Hoge Raad, 08-07-2022, ECLI:NL:HR:2022:1048, 21/04627
Hoge Raad, 08-07-2022, ECLI:NL:HR:2022:1048, 21/04627
Gegevens
- Instantie
- Hoge Raad
- Datum uitspraak
- 8 juli 2022
- Datum publicatie
- 8 juli 2022
- ECLI
- ECLI:NL:HR:2022:1048
- Formele relaties
- In cassatie op : ECLI:NL:GHAMS:2021:3033
- Zaaknummer
- 21/04627
Inhoudsindicatie
HR: 81.1 RO.
Uitspraak
HOGE RAAD DER NEDERLANDEN
BELASTINGKAMER
Nummer 21/04627
Datum 8 juli 2022
ARREST
in de zaak van
[X] te [Z] (hierna: belanghebbende)
tegen
de STAATSSECRETARIS VAN FINANCIËN
op het beroep in cassatie tegen de uitspraak van het Gerechtshof Amsterdam van 14 oktober 2021, nr. 19/015711, op het hoger beroep van belanghebbende tegen een uitspraak van de Rechtbank Noord-Holland (nr. HAA 18/3203) betreffende de aan belanghebbende voor het jaar 2012 opgelegde aanslag in de inkomstenbelasting/premie volksverzekeringen.
1 Geding in cassatie
Belanghebbende, vertegenwoordigd door D. Molenaar, heeft tegen de uitspraak van het Hof beroep in cassatie ingesteld en daarbij een aantal middelen voorgesteld.
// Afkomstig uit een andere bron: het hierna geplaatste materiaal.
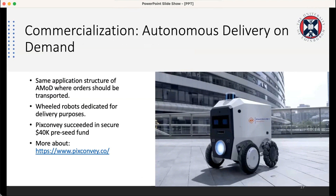Our team at the University of Edinburgh is working on an autonomous delivery on demand product for robots used for restaurant delivery services. We have succeeded in gaining $40,000 in funding, and for more information, if anyone is interested, you can follow the provided site.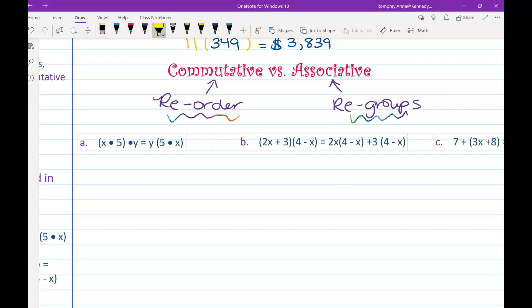Looking at the first example: (x times 5) times y equals y times (5 times x). The parentheses contain x times 5 on one side and 5 times x on the other — it's the same stuff just in a different order. So this is the commutative property.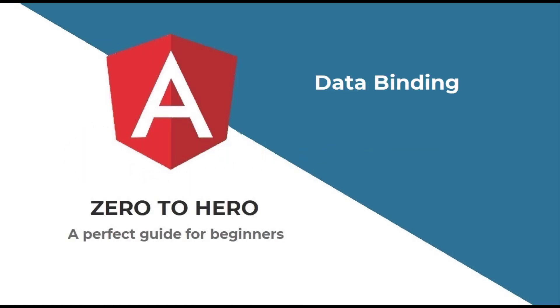Hi friends, welcome back to the brand new series on Angular 0 to hero, a perfect Angular guide for beginners.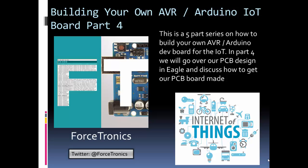Hello from the Forstronics YouTube channel and welcome to part four of building your own AVR or Arduino Internet of Things board.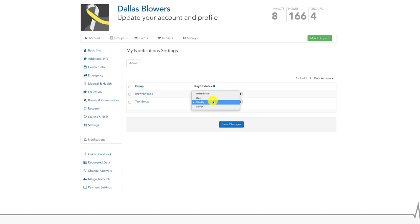If you select never, then you will not receive email updates from that group concerning new impacts, new membership enrollments, requests, or approvals.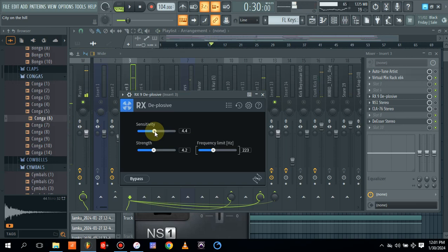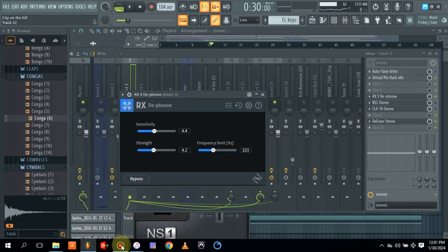As you can hear, it's clean now. You could actually twist one of these knobs to get more of the clean mix. Don't forget to like and subscribe. Thank you.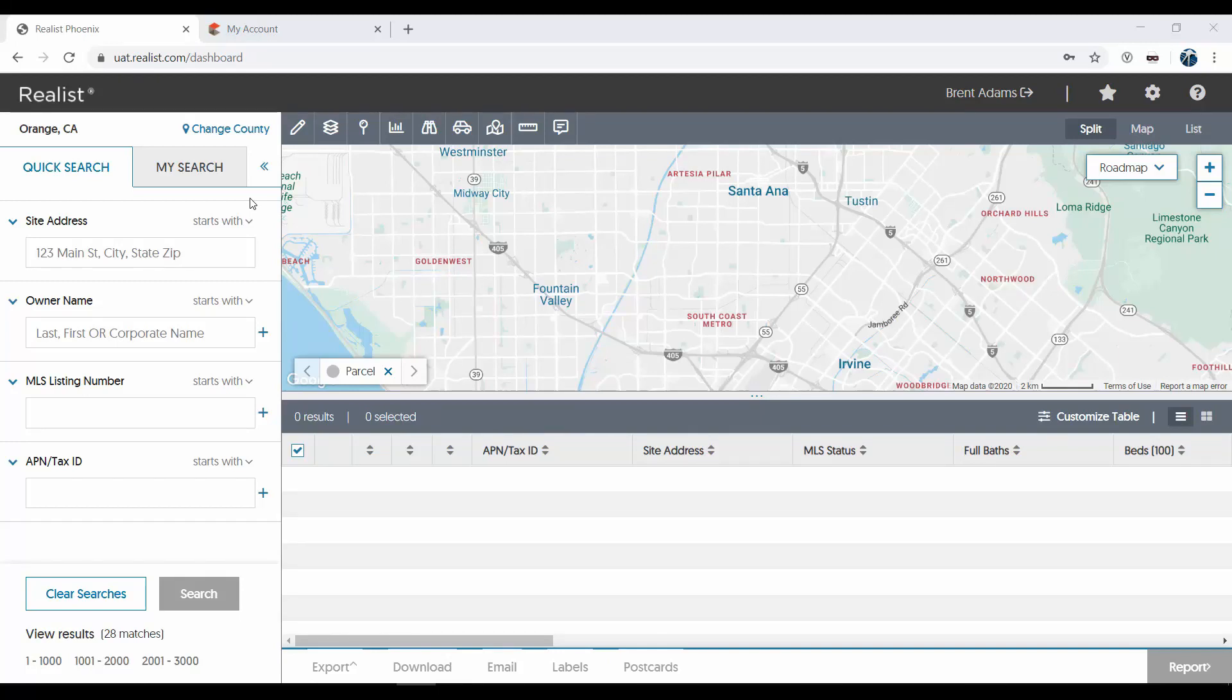Hi, and welcome to this short video tutorial on using the search tools in ReList. ReList is an incredibly powerful search tool that allows you to access public records data for 99.9% of all parcels in the United States.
De Staatssecretaris, vertegenwoordigd door [P], heeft een verweerschrift ingediend.
Belanghebbende heeft een conclusie van repliek ingediend.
2 Beoordeling van de middelen
De Hoge Raad heeft de middelen over de uitspraak van het Hof beoordeeld. De uitkomst hiervan is dat deze middelen niet kunnen leiden tot vernietiging van die uitspraak. De Hoge Raad hoeft niet te motiveren waarom hij tot dit oordeel is gekomen. Bij de beoordeling van deze middelen is het namelijk niet nodig om antwoord te geven op vragen die van belang zijn voor de eenheid of de ontwikkeling van het recht (zie artikel 81, lid 1, van de Wet op de rechterlijke organisatie).
3 Proceskosten
De Hoge Raad ziet geen aanleiding voor een veroordeling in de proceskosten.